■ AIM OF THE EXERCISE:
Go to the line containing "BMW Art Car" in the records below and print it and every following line exactly, on through the line containing "Mortgage Company &", then stop.

━━━ DATA TO USE

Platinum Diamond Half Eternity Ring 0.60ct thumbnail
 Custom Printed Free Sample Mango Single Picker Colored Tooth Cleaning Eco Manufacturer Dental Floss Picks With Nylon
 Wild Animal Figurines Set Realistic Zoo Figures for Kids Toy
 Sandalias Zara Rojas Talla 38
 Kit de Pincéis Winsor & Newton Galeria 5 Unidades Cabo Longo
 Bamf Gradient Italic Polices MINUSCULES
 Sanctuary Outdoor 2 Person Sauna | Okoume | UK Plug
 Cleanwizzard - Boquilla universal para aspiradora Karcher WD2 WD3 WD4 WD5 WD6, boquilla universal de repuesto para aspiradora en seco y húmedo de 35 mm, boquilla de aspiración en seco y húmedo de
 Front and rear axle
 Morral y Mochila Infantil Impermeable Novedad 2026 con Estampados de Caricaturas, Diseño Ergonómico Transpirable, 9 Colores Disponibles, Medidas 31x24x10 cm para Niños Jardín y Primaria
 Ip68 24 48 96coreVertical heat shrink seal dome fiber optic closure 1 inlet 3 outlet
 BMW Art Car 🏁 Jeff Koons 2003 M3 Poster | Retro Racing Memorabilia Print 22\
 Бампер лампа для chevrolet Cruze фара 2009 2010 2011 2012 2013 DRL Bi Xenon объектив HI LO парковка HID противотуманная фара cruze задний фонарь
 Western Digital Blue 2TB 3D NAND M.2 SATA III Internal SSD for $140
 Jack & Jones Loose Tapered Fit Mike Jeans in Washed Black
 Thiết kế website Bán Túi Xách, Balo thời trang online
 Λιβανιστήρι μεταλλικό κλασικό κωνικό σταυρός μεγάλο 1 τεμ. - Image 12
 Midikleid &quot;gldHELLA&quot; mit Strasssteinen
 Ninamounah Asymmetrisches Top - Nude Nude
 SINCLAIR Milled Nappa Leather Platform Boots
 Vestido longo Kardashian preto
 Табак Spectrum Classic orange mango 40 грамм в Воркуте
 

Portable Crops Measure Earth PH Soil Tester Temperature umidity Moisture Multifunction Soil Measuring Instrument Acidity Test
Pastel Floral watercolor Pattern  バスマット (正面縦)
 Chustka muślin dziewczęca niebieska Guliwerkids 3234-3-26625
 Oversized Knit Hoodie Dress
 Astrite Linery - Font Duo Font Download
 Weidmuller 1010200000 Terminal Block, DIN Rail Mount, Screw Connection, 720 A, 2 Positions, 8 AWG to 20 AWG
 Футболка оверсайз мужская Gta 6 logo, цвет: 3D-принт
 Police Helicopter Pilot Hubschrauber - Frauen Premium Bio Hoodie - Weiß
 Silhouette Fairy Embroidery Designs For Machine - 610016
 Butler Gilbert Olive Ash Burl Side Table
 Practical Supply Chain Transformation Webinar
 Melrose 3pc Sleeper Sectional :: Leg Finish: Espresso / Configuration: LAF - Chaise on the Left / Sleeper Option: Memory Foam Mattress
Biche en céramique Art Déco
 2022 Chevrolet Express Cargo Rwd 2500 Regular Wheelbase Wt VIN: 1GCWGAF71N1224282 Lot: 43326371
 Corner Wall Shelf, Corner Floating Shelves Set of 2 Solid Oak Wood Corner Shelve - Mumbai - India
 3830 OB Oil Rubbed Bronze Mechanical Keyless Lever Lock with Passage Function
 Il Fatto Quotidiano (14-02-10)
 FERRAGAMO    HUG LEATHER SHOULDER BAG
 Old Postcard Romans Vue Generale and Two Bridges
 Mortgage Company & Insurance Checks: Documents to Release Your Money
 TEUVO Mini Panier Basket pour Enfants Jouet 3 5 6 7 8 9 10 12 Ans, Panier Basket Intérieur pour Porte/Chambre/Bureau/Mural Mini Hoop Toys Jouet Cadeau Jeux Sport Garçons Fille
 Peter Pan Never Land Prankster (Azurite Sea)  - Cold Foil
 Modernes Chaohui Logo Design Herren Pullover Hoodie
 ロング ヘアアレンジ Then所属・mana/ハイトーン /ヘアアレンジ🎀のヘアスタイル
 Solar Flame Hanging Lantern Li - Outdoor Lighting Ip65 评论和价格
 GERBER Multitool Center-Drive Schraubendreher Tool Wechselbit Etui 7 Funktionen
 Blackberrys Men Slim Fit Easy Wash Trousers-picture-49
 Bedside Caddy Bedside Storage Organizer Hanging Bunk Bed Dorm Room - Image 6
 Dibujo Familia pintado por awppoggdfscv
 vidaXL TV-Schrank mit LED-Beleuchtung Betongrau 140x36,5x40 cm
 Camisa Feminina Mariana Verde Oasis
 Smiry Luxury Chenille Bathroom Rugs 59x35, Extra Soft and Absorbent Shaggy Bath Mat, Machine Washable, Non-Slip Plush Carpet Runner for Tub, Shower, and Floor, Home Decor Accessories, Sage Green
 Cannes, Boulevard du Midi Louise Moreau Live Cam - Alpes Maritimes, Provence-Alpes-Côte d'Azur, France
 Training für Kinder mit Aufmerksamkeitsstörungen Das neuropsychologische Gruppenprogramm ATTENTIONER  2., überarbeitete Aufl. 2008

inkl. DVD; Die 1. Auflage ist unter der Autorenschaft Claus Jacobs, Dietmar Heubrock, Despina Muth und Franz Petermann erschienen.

━━━━━━

■ ANSWER SPACE:
 BMW Art Car 🏁 Jeff Koons 2003 M3 Poster | Retro Racing Memorabilia Print 22\
 Бампер лампа для chevrolet Cruze фара 2009 2010 2011 2012 2013 DRL Bi Xenon объектив HI LO парковка HID противотуманная фара cruze задний фонарь
 Western Digital Blue 2TB 3D NAND M.2 SATA III Internal SSD for $140
 Jack & Jones Loose Tapered Fit Mike Jeans in Washed Black
 Thiết kế website Bán Túi Xách, Balo thời trang online
 Λιβανιστήρι μεταλλικό κλασικό κωνικό σταυρός μεγάλο 1 τεμ. - Image 12
 Midikleid &quot;gldHELLA&quot; mit Strasssteinen
 Ninamounah Asymmetrisches Top - Nude Nude
 SINCLAIR Milled Nappa Leather Platform Boots
 Vestido longo Kardashian preto
 Табак Spectrum Classic orange mango 40 грамм в Воркуте
 

Portable Crops Measure Earth PH Soil Tester Temperature umidity Moisture Multifunction Soil Measuring Instrument Acidity Test
Pastel Floral watercolor Pattern  バスマット (正面縦)
 Chustka muślin dziewczęca niebieska Guliwerkids 3234-3-26625
 Oversized Knit Hoodie Dress
 Astrite Linery - Font Duo Font Download
 Weidmuller 1010200000 Terminal Block, DIN Rail Mount, Screw Connection, 720 A, 2 Positions, 8 AWG to 20 AWG
 Футболка оверсайз мужская Gta 6 logo, цвет: 3D-принт
 Police Helicopter Pilot Hubschrauber - Frauen Premium Bio Hoodie - Weiß
 Silhouette Fairy Embroidery Designs For Machine - 610016
 Butler Gilbert Olive Ash Burl Side Table
 Practical Supply Chain Transformation Webinar
 Melrose 3pc Sleeper Sectional :: Leg Finish: Espresso / Configuration: LAF - Chaise on the Left / Sleeper Option: Memory Foam Mattress
Biche en céramique Art Déco
 2022 Chevrolet Express Cargo Rwd 2500 Regular Wheelbase Wt VIN: 1GCWGAF71N1224282 Lot: 43326371
 Corner Wall Shelf, Corner Floating Shelves Set of 2 Solid Oak Wood Corner Shelve - Mumbai - India
 3830 OB Oil Rubbed Bronze Mechanical Keyless Lever Lock with Passage Function
 Il Fatto Quotidiano (14-02-10)
 FERRAGAMO    HUG LEATHER SHOULDER BAG
 Old Postcard Romans Vue Generale and Two Bridges
 Mortgage Company & Insurance Checks: Documents to Release Your Money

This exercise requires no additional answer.